Decision Tree Model Training

Code
# Decision Tree Model
decision_tree_model <- rpart(loan_status ~ loan_amnt + int_rate + dti + term + grade + home_ownership + verification_status + loan_to_income,
                             data = train_set, method = "class")

# Predict on the test set using decision tree
tree_probs <- predict(decision_tree_model, newdata = test_set, type = "prob")
test_set$tree_pred <- ifelse(tree_probs[, 2] > 0.5, 1, 0)

# Ensure levels align for confusion matrix
test_set$tree_pred <- factor(test_set$tree_pred, levels = c(0, 1))

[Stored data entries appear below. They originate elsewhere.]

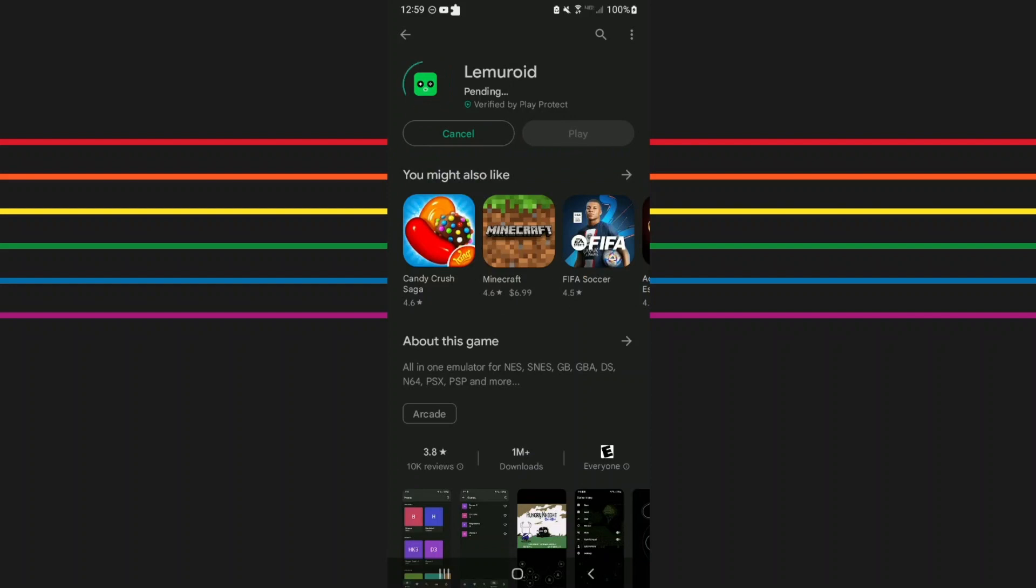It's completely free and it should install within a matter of seconds to a minute at most because it's a smaller app by comparison. You know what I mean?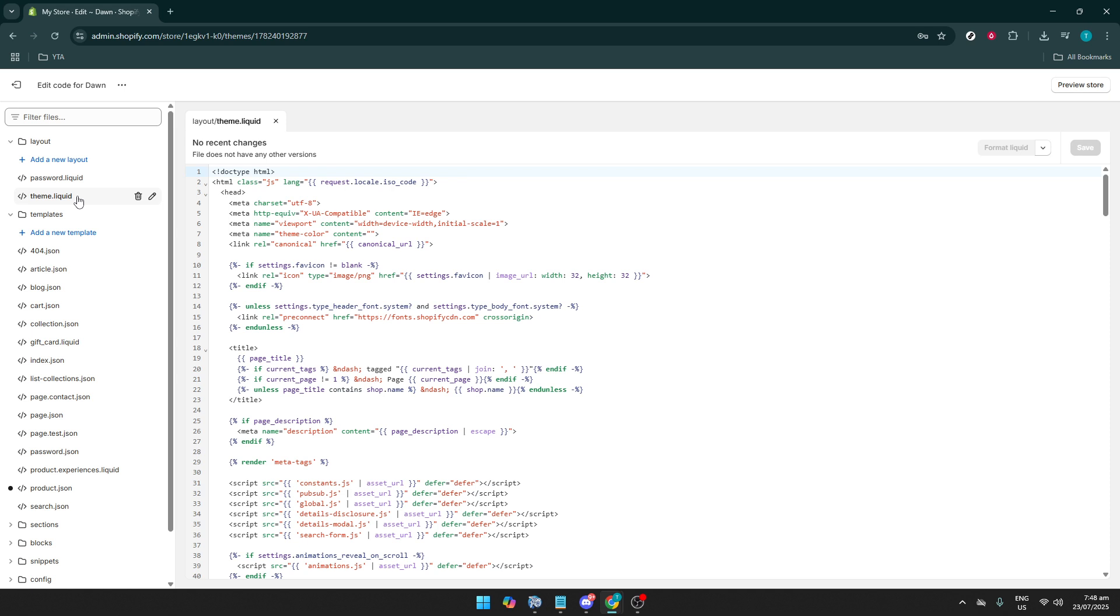For this particular task, look for the Layout folder and expand it by clicking the small arrow next to it. Here, you'll find a file named Theme.Liquid. This is a crucial part of your theme structure where you can add global elements like scripts or meta tags that need to appear on every page of your site.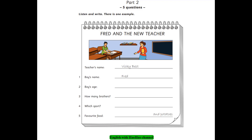5. What food do you like? Hmm, I don't know. Do you like chicken? Yes, I love chicken. What about potatoes? Yes, I often eat chicken and potatoes.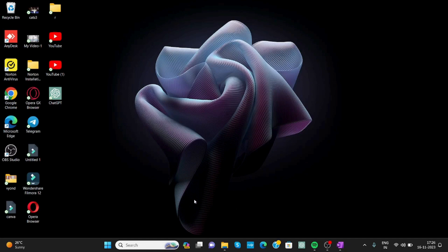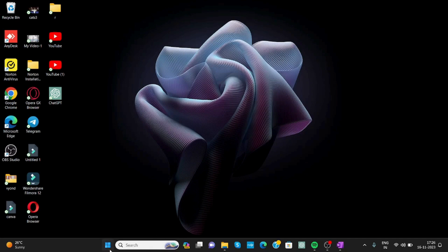To make your screen vertical, first click on the Start button and go to Settings.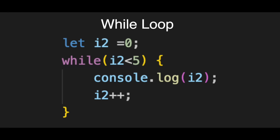While loop. First, look outside the loop. Let i2 equals zero. This is the setup. Just like before, we create our counter variable and start it at zero. But here, we do it before the loop even starts.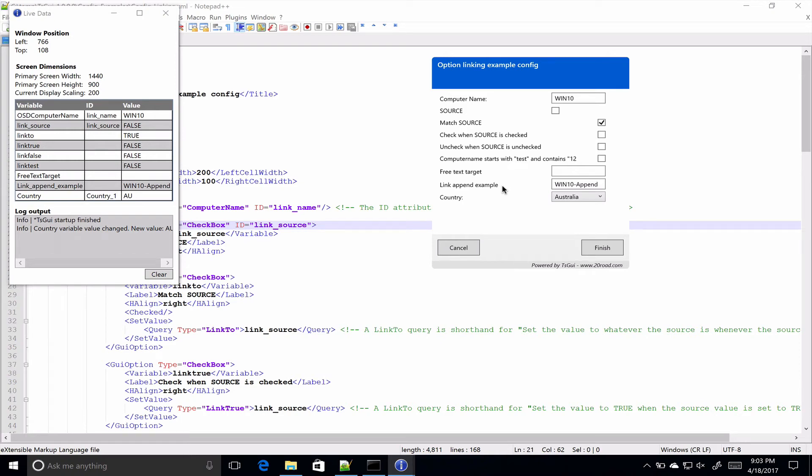Hi everyone, it's Mike Pohaito here. Today I wanted to quickly run through some of the new option linking features in TSGUI 1.0 and also the conditional logic as well. The two often go hand in hand.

# Confusion matrix for decision tree
tree_confusion <- confusionMatrix(test_set$tree_pred, test_set$loan_status)
print(tree_confusion)
Confusion Matrix and Statistics

          Reference
Prediction    0    1
         0 4634  766
         1    0    0
                                          
               Accuracy : 0.8581          
                 95% CI : (0.8486, 0.8674)
    No Information Rate : 0.8581          
    P-Value [Acc > NIR] : 0.5096          
                                          
                  Kappa : 0               
                                          
 Mcnemar's Test P-Value : <2e-16          
                                          
            Sensitivity : 1.0000          
            Specificity : 0.0000          
         Pos Pred Value : 0.8581          
         Neg Pred Value :    NaN          
             Prevalence : 0.8581          
         Detection Rate : 0.8581          
   Detection Prevalence : 1.0000          
      Balanced Accuracy : 0.5000          
                                          
       'Positive' Class : 0               
                                          
Code
# ROC and AUC for decision tree
tree_roc <- roc(as.numeric(as.character(test_set$loan_status)), tree_probs[, 2])
tree_auc <- auc(tree_roc)
cat("Decision Tree AUC:", tree_auc, "\n")
Decision Tree AUC: 0.5 
Code
plot(tree_roc, main = "ROC Curve for Decision Tree", col = "red")

Compare Model Performance

Code
# Compare Performance
cat("\nComparison of Models:\n")

Comparison of Models:
Code
cat("Logistic Regression Accuracy:", logistic_confusion$overall["Accuracy"], "\n")
Logistic Regression Accuracy: 0.8585185 
Code
cat("Decision Tree Accuracy:", tree_confusion$overall["Accuracy"], "\n")
Decision Tree Accuracy: 0.8581481 
Code
if (logistic_auc > tree_auc) {
  cat("Logistic Regression performs better based on AUC.")
} else if (logistic_auc < tree_auc) {
  cat("Decision Tree performs better based on AUC.")
} else {
  cat("Both models perform equally well based on AUC.")
}
Logistic Regression performs better based on AUC.